Try another type of fishfood. Variety is the key.


----------



## kbjunior8 (Sep 3, 2007)

i tried 2 im planning to get food tomorrow but for today im just wondering any homemade foods


----------



## anasfire23 (Jan 19, 2005)

I have a LFS near me that sells live blackworm and blood worm as well as has a big tank with daphnia and brine shrimp living in it so in the past I've just gotten a fish bag full of each, mixed it all together, drained it until there is only a little moisture left and frozen it into cubes and my fish go berserk over it! Even the fussiest of fish can find something in that mix that they will like. I actually haven't done that mix in about a year though so now I just buy a commercial Betta Pellet and a pack of frozen Brine Shrimp and feed pellets/flakes in the morning and brine shrimp at night. Once a week I'll cook and shell a few peas and give that to my Bettas also...did that the other night and our new HM male (Shinji) from Thailand went nutso over it, looked like he was going to tear his head off the way he was ripping through the pea!

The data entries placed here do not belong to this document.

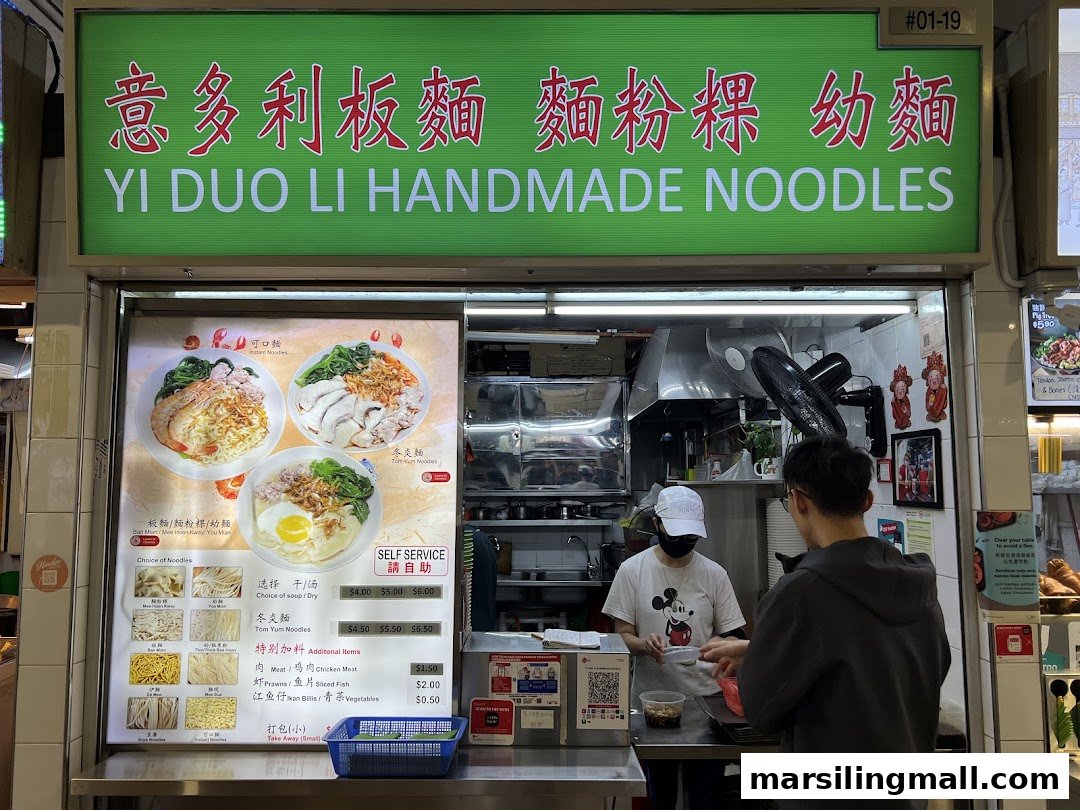 The front of 'Yi Duo Li Handmade Noodles' stall, featuring its signboard, menu board, and a customer ordering.
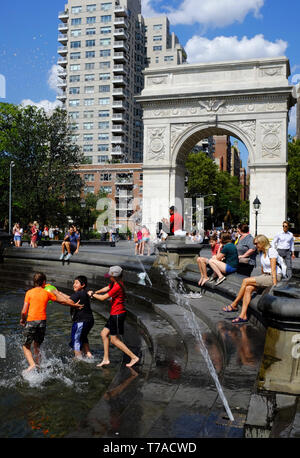 Les gens en phase de refroidissement dans et par la fontaine à Washington Square Park avec Washington Square Arch dans l'arrière-plan.New York City.USA Banque D'Images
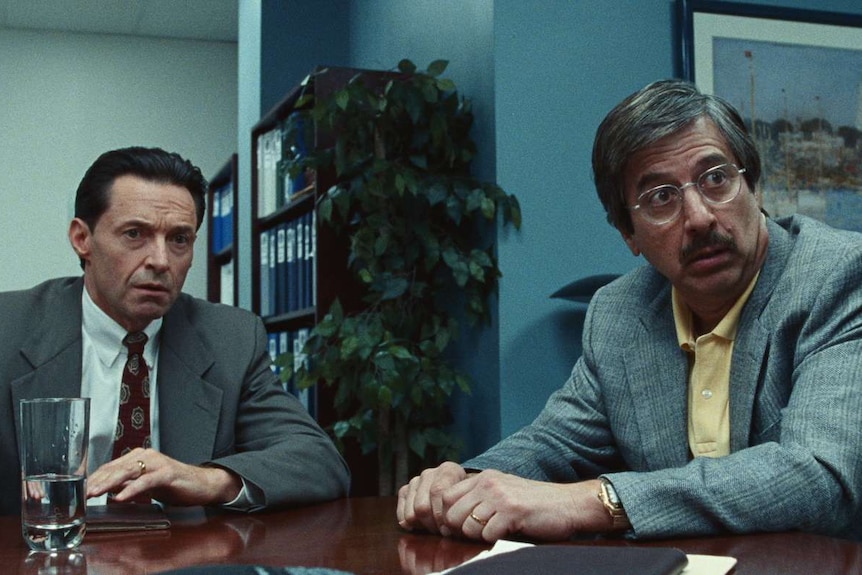 Hugh Jackman and Ray Romano in a scene from the film Bad Education - both stressed out in suits in an office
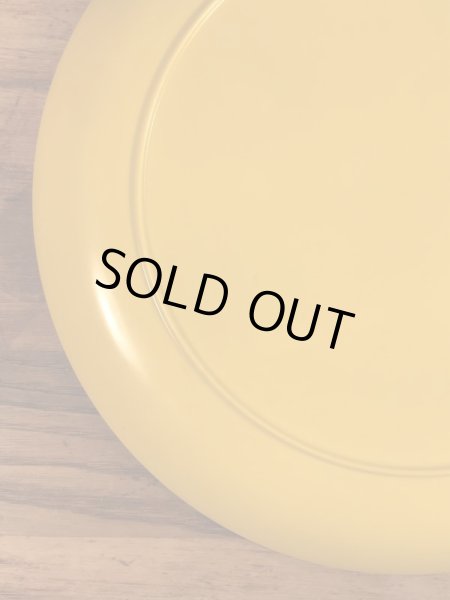 スマイルのプラスチック製の70年代ビンテージお皿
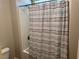 Bathroom featuring bathtub with horizontally striped shower curtain at 7855 Skyler Falls Ln, North Las Vegas, NV 89084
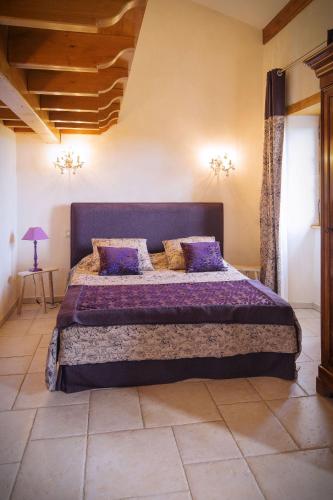 a bedroom with a large bed with purple sheets and pillows at Les Chènevottes au Hameau 1936 in Cherveux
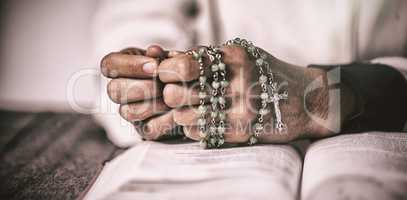 Woman hands praying with rosary and bible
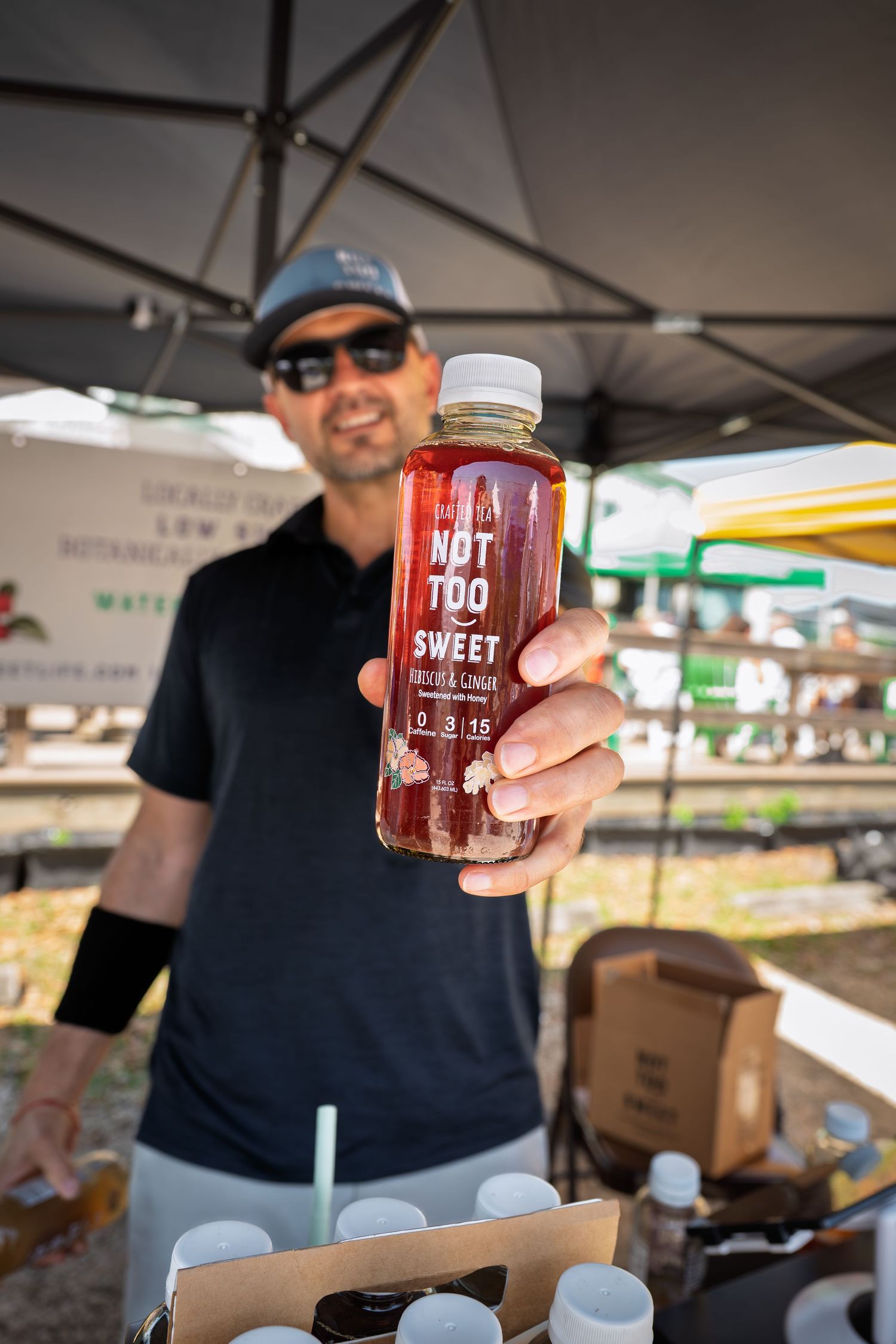 Man holding a Not Too Sweet Rose and Ginger botanical drink bottle at an outdoor farmers market vendor booth.
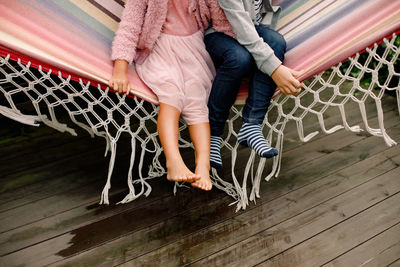 Low section of siblings sitting in hammock at backyard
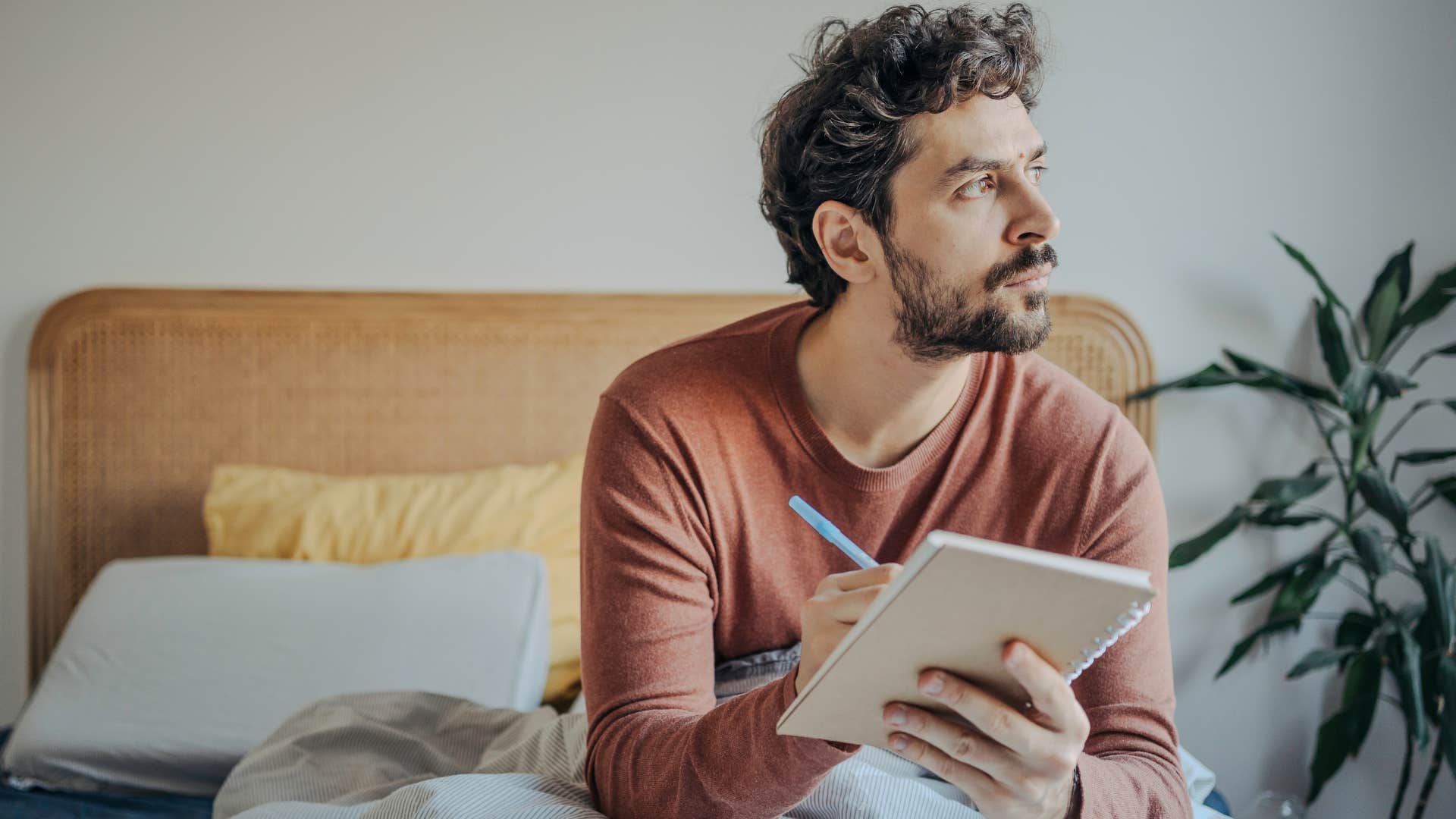 man making handwritten notes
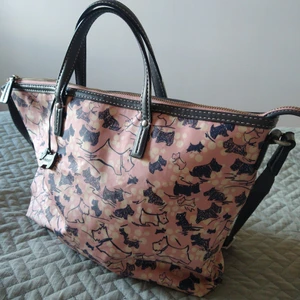 Väska från Radley - En söt väska från brittiska märket Radley. I vaxat tyg och ställbar axelrem och två korta handtag. Litet fack med dragkedja inuti. Inköpt i London för några år sedan. Använd men fortfarande i bra skick.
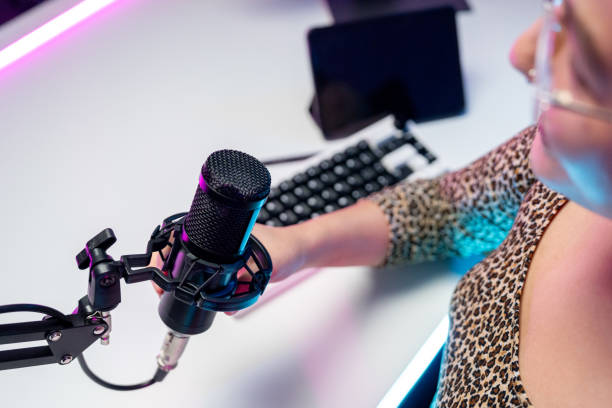 istock Content creator woman host streaming her a podcast with headphones and microphone interview cheering guest conversation broadcast studio with neon light. Blogger motivation recording voice over radio 2182216613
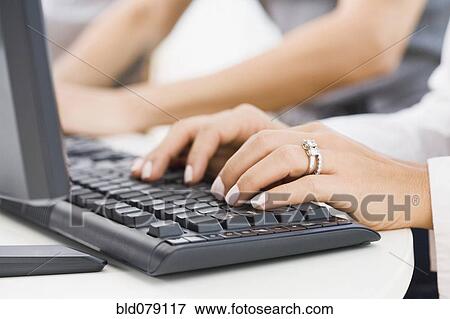 Stock Photo - Hispanic woman typing on keyboard. Fotosearch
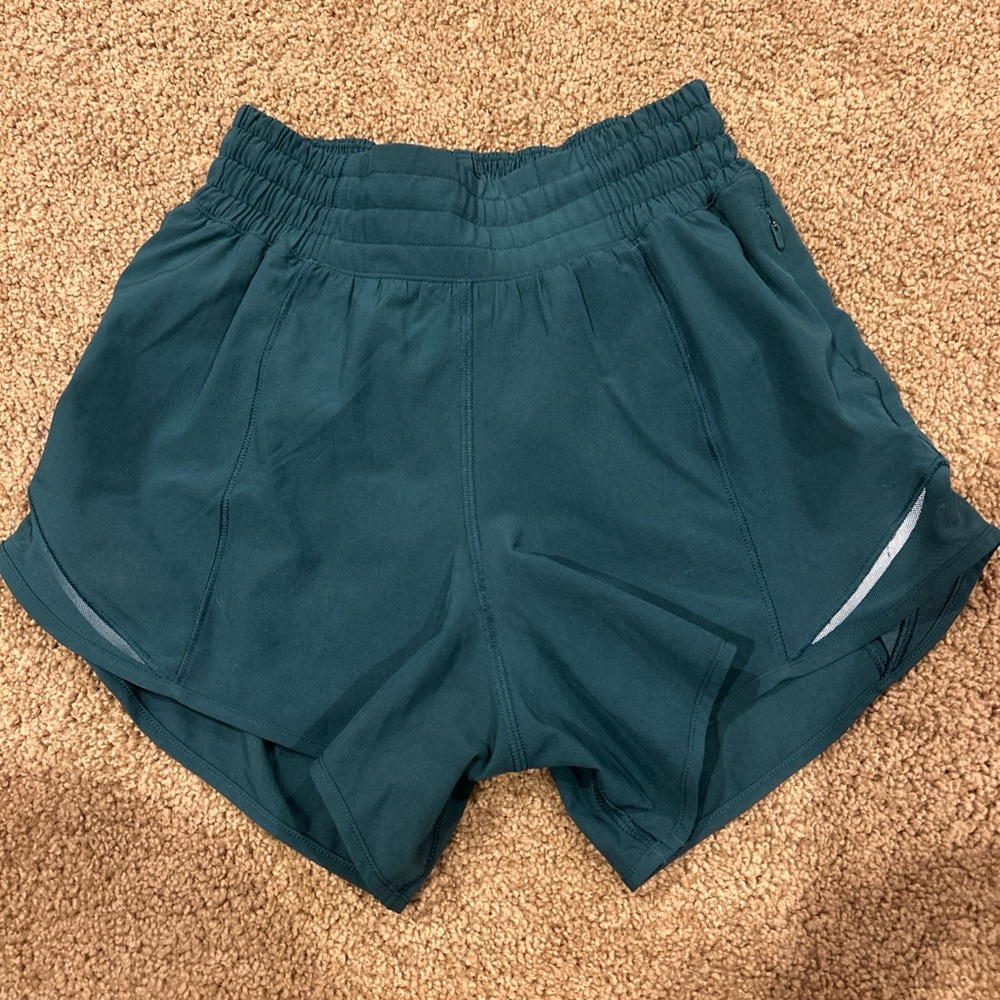 dark green lululemon hotty hots shorts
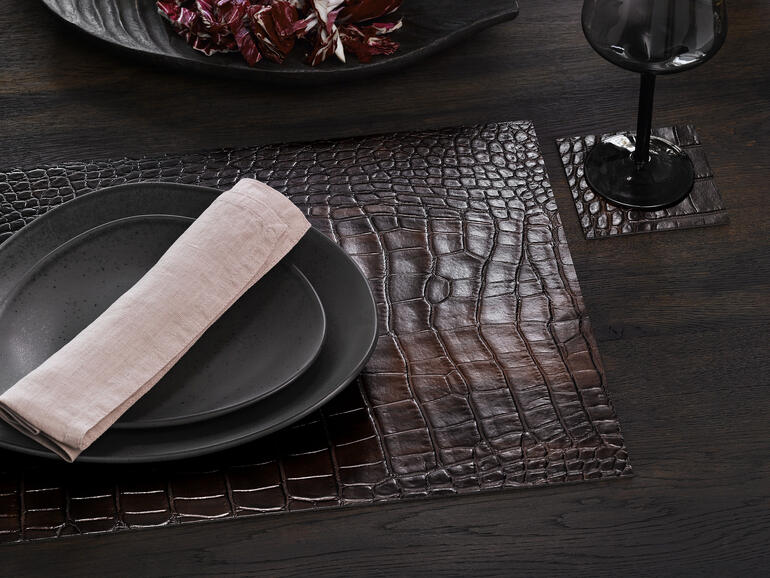 Table dressée avec set crocodile et sous-verres, servi avec de la vaisselle.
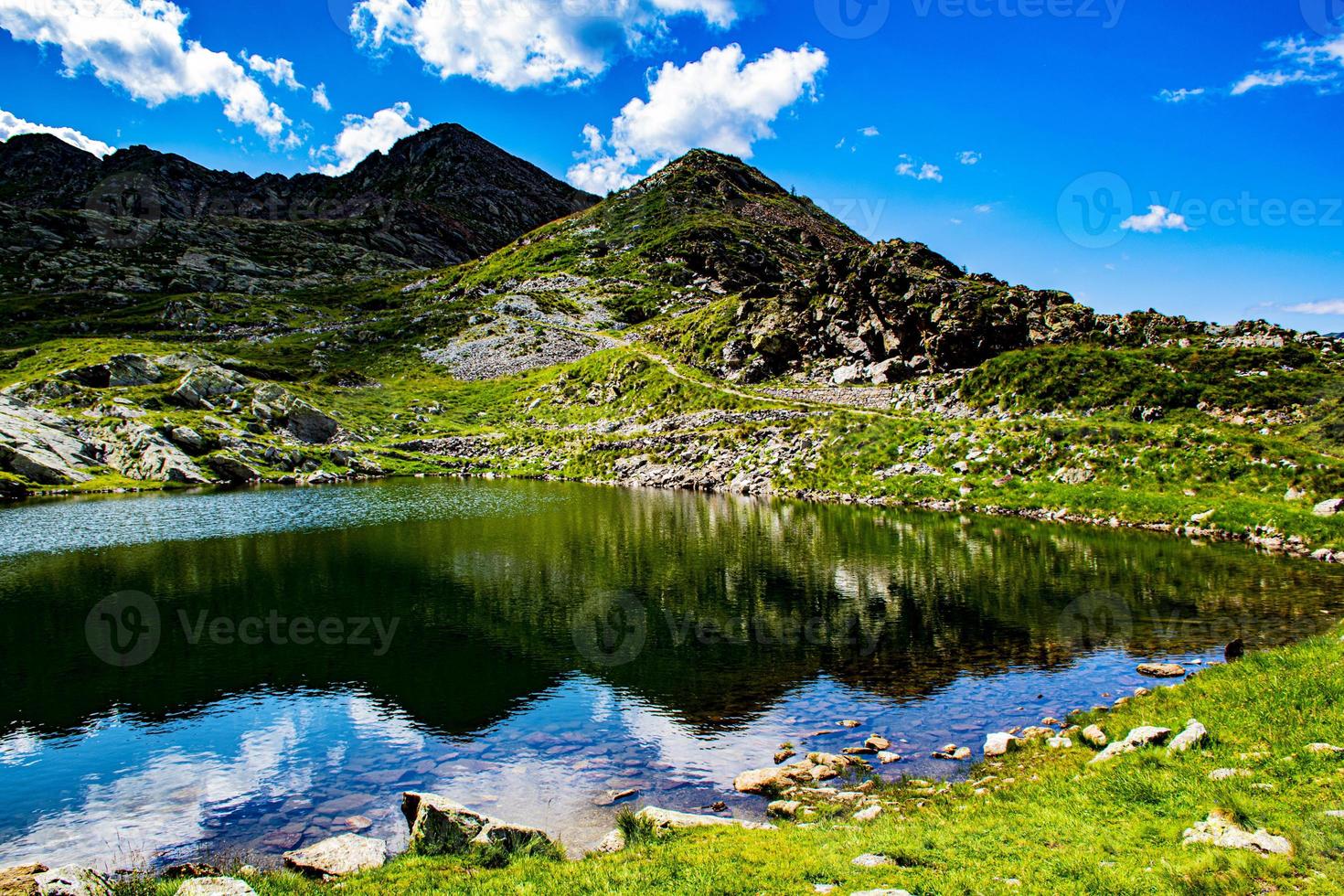 Clouds above mountains and lake photo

As Damon said, variety is the key..it's like if we had to eat rice or potato 24/7 we'd get sick of it too wouldn't we? if I were you I'd go out and see if you can get some frozen brine or daphnia and shave a little off the block for him once a day, a pack of the frozen stuff will last ages with only one Betta... I have 6 males and 3 females here plus 2 community tanks so I go through it pretty fast!


----------



## kbjunior8 (Sep 3, 2007)

wow thx for the advice guyz btw good logic i know what you mean now and i will try


----------